Die Nachgeschichte beinhaltet die Ergebnisrationalität, die ich in Kapitel 11 mit Memos zum Aufgabenkomplex Spannungslagen ausbalancieren zur letzten Arbeitsphase Strategien umsetzen und verstetigen in den Blick nehme. Im Übergang zur Transferinitiative wird das (kommunale) Bildungsmanagement (auf kommunaler Ebene) zum Thema der Erziehung. Gesellschaftliche Integration bearbeitet das BMK zum Ende des Projektarbeitsbogens mit starker Intensität. Verständigungskraft verstetigt sich auf den Feldern des politischen und öffentlichen Diskurses. Demgegenüber investiert das KBM neben Durchsetzungskraft nun auch Vereinigungs- und Verständigungskraft und bearbeitet gesellschaftliche Integration mit grenzüberschreitender Professionalität mittlerer Intensität. Ein Vergleich der Investition von Kommunikationsmedien über alle Projektphasen hinweg schließt die Nachgeschichte mit Kapitel 12 ab. Die vergleichende Darstellung des Arbeitskomplexes Handlungslogiken antizipieren erklärt die Handlungs-, Verfahrens- und Ergebnisrationalität beider Gebietskörperschaften mit den Konstellationsstrukturen vor Ort.

Der letzte Teil führt die Teilergebnisse in die Grounded Theory einer »Governance grenzüberschreitender Professionalität und gesellschaftlicher Integration« zusammen. Die Komponenten der Bedingungsmatrix zu Integrationsräumen des BMK und KBM diskutiere ich in Kapitel 13. Hier nehme ich eine Verschränkung der Theorieperspektiven nach Schimank vor, lege die Leistungssteigerung durch Konfliktfelder nach Münch dar und stelle Anschlüsse an pädagogische Perspektiven sowie an Perspektiven der Profession und Organisation her. Anschlüsse an gesellschaftstheoretische Perspektiven beleuchten den konflikthaften, aber leistungssteigernden Grenzverkehr zwischen den Funktionssystemen. Anschlüsse an pädagogische Perspektiven zeigen die Institutionalisierung des BMK und KBM als Großform der Erziehung in Verbindung mit Feldern der Interpenetration auf. Anschlüsse an Perspektiven der Profession gehen auf Profession und Professionsentwicklung als Strukturkategorie, Professionalisierung als Prozesskategorie und Professionalität als Handlungskategorie ein. Der an Wissenspraktiken orientierte, im Modus der Förderung operierende Integrationstyp etabliert sich durch ein Domänenspiel zwischen dem politischen und dem pädagogischen System. Als Prozess- und Strukturentwickler koordiniert er Operationen des Zeigens mit Operationen des Lernens. Der an Sichtbarkeitspraktiken orientierte, im Modus der Polarisierung operierende Integrationstyp etabliert sich durch ein Hegemoniespiel innerhalb des politischen Systems. Als Produktentwickler macht er Zeigeformate öffentlich sichtbar.

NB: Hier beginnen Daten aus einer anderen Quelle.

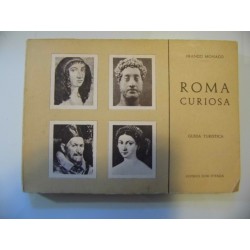 ROMA CURIOSA GUIDA TURISTICA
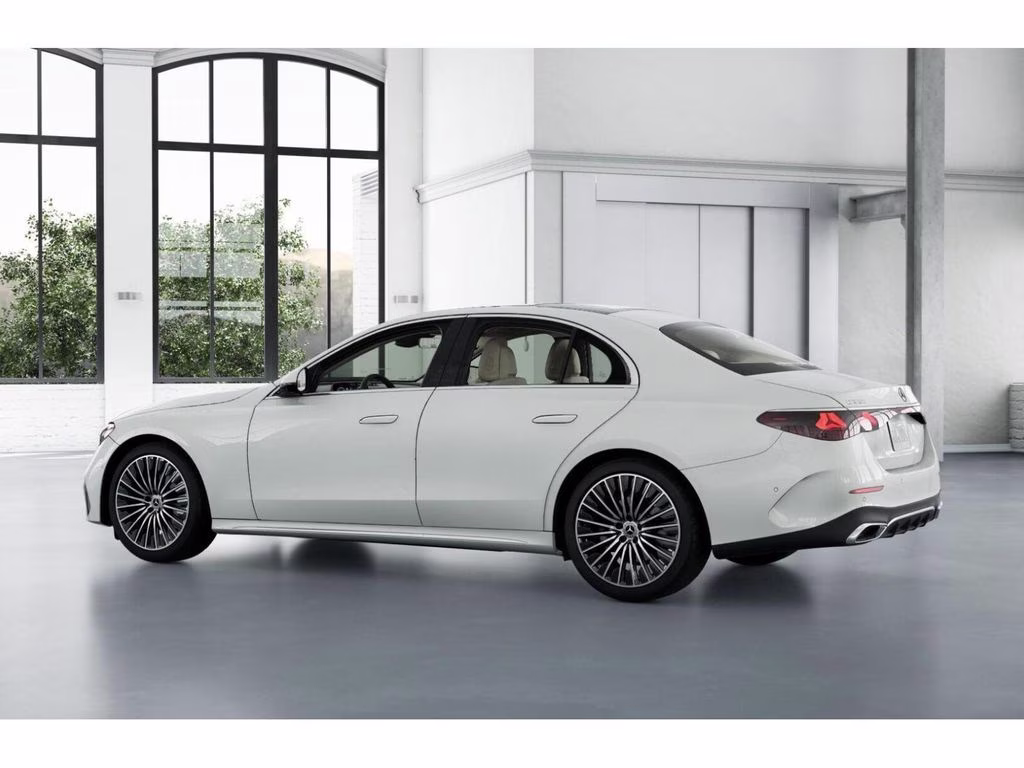 2026 Moonlight Mercedes-Benz E-Class E 350 RWD Sedan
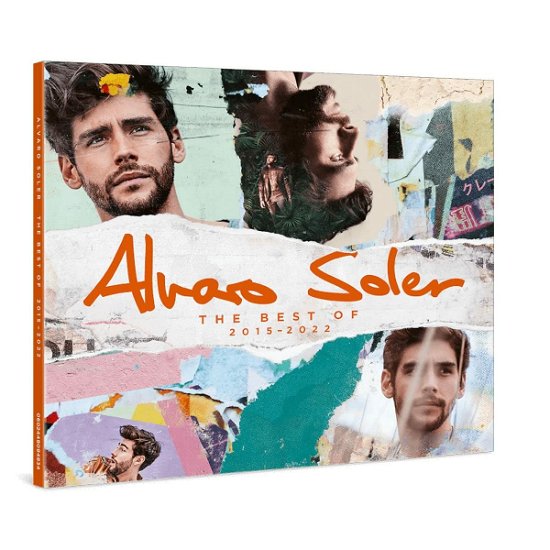 Cover for Alvaro Soler · Best Of 2015 - 2022 (CD) [Digipack] (2022)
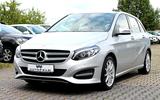 Mercedes-Benz B 200 Urban/SHEFT/NAVI/LED/TEMP/RCAM/SHZ/BT/ - Mercedes-Benz B 200 Gebrauchtwagen in Mannheim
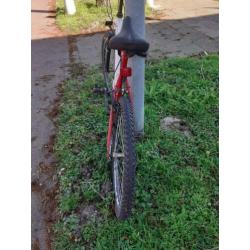 Mooie moutem bike 1 ding mis met keting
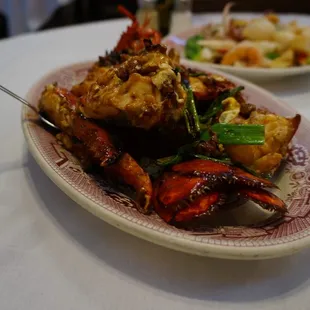 Cantonese Lobster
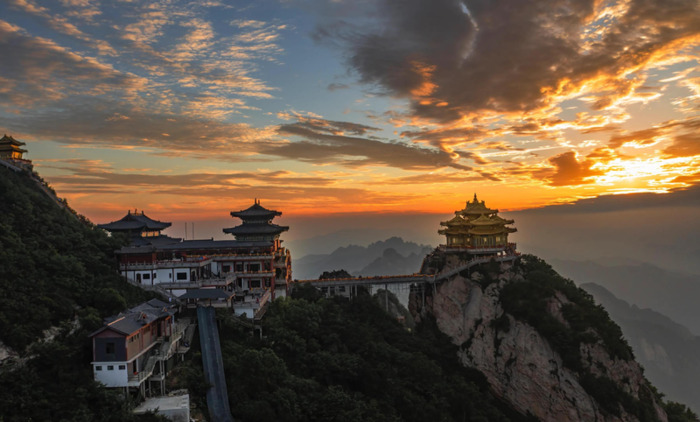 老君山索道多少钱门票【老君山索道多少钱儿童】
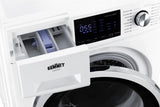 Washer/Heat Pump Dryer Combination - (LSWD24)
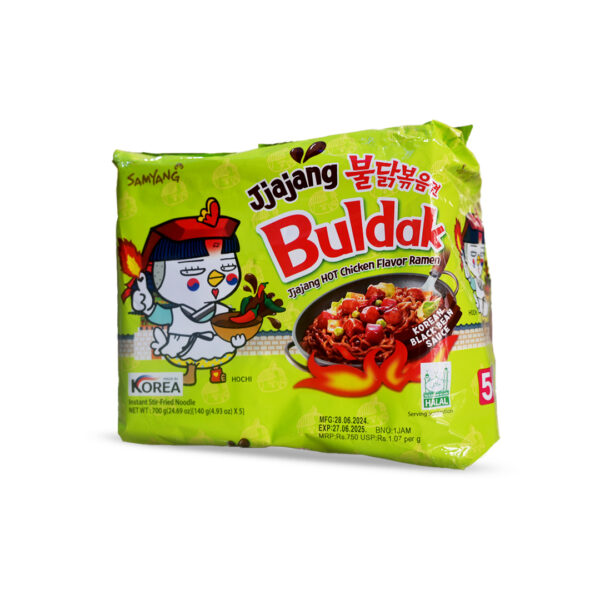 Buldak Hot Chicken Flavor Ramen - Image 2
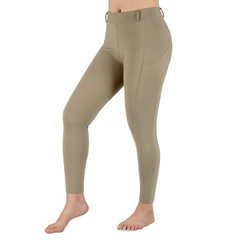 Turnhier Women Winter Riding Equestrian Pants Fleece Lined Equestrian Breeche…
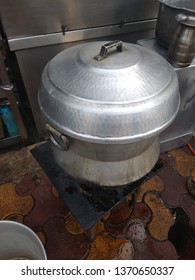 Idli Maker, Aluminium Metal For Idli Preparation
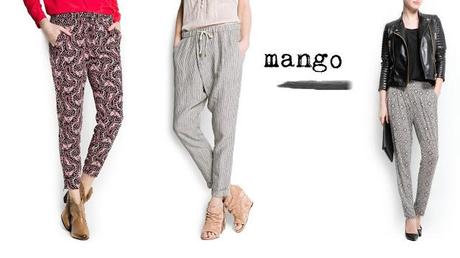 TREND / PANTALONI PIGIAMA IN O OUT?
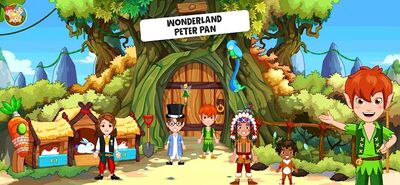 Download Wonderland:Peter Pan Adventure (Unlocked All MOD) for Android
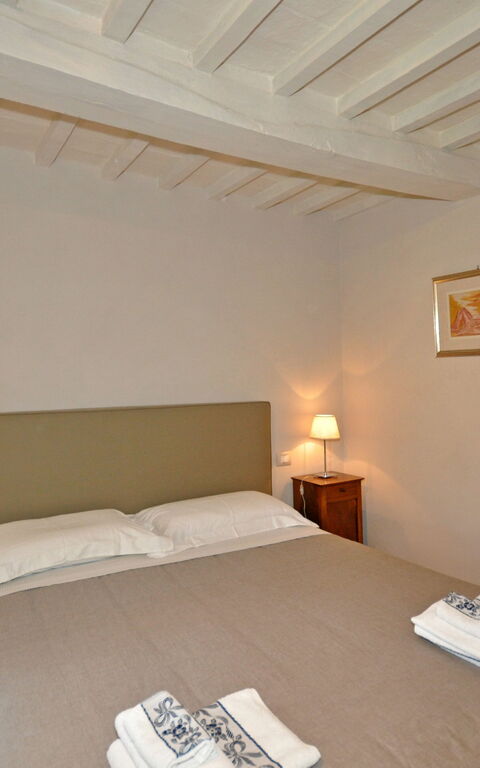 Villa Dame: slaapkamer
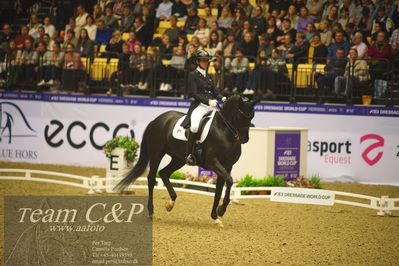 Jydske bank box
FEI Dressage World Cup Freestyle presented by ECCO (GP FS)
Nøgleord: carina cassøe krüth;heiline's danciera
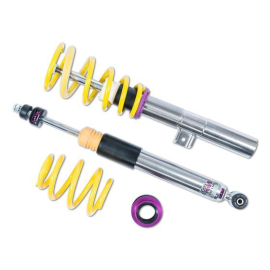 KW Coilover Kit V3 for 05/2018+ Mercedes Benz A-Class (W177) w/ Deactivation For Electronic Dampers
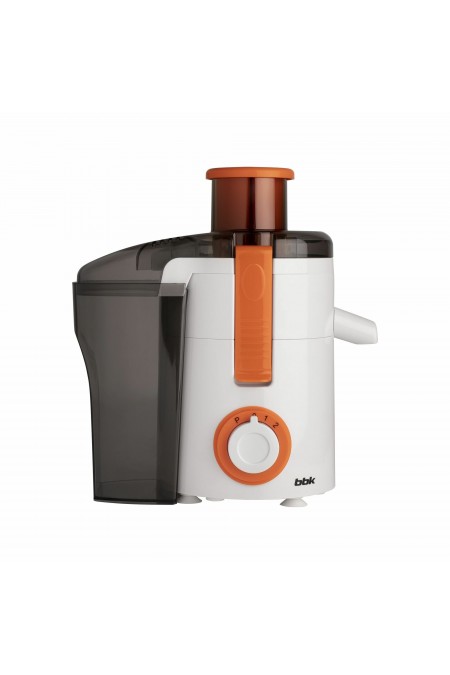 Соковыжималка BBK JC060-H11 (белый/оранжевый) 8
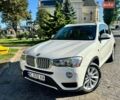 Белый БМВ Х3, объемом двигателя 2 л и пробегом 145 тыс. км за 14700 $, фото 1 на Automoto.ua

In Kapitel 14 bilanziere ich den Ertrag der theoretischen Perspektiven. Die Theorieperspektiven nach Schimank gestatten die Modellierung einer Typologie gesellschaftlicher Integration und die Lesart von Kämpfen um Deutungsstrukturen. Münchs handlungstheoretische Perspektive ermöglicht es, den Grenzverkehr zwischen Funktionssystemen und damit verbundene Leistungssteigerungen durch Möglichkeitsbeschränkungen in den Blick zu nehmen. Der Ertrag pädagogischer Perspektiven liegt darin, das systemtheoretische Verständnis von Vermittlung mit jenem der operativen Pädagogik zu verknüpfen. Die ästhetische Formkausalität und die Moral der Erziehung führen beide Perspektiven zusammen. Professions- und organisationstheoretische Perspektiven beleuchten das grenzüberschreitende Profil kommunaler Koordinatorinnen und Koordinatoren entlang der Arenen in Verbindung mit den Regelungsbereichen des erneuerten Governance-Equalizers. Der Impact von Systemintegration auf Sozialintegration ist im vielfältigen Umgang mit multiplen Anforderungen der Gesellschaft zu sehen, der nicht auf Entparadoxierung angelegt ist, sondern darauf, Spannungslagen auszuhalten.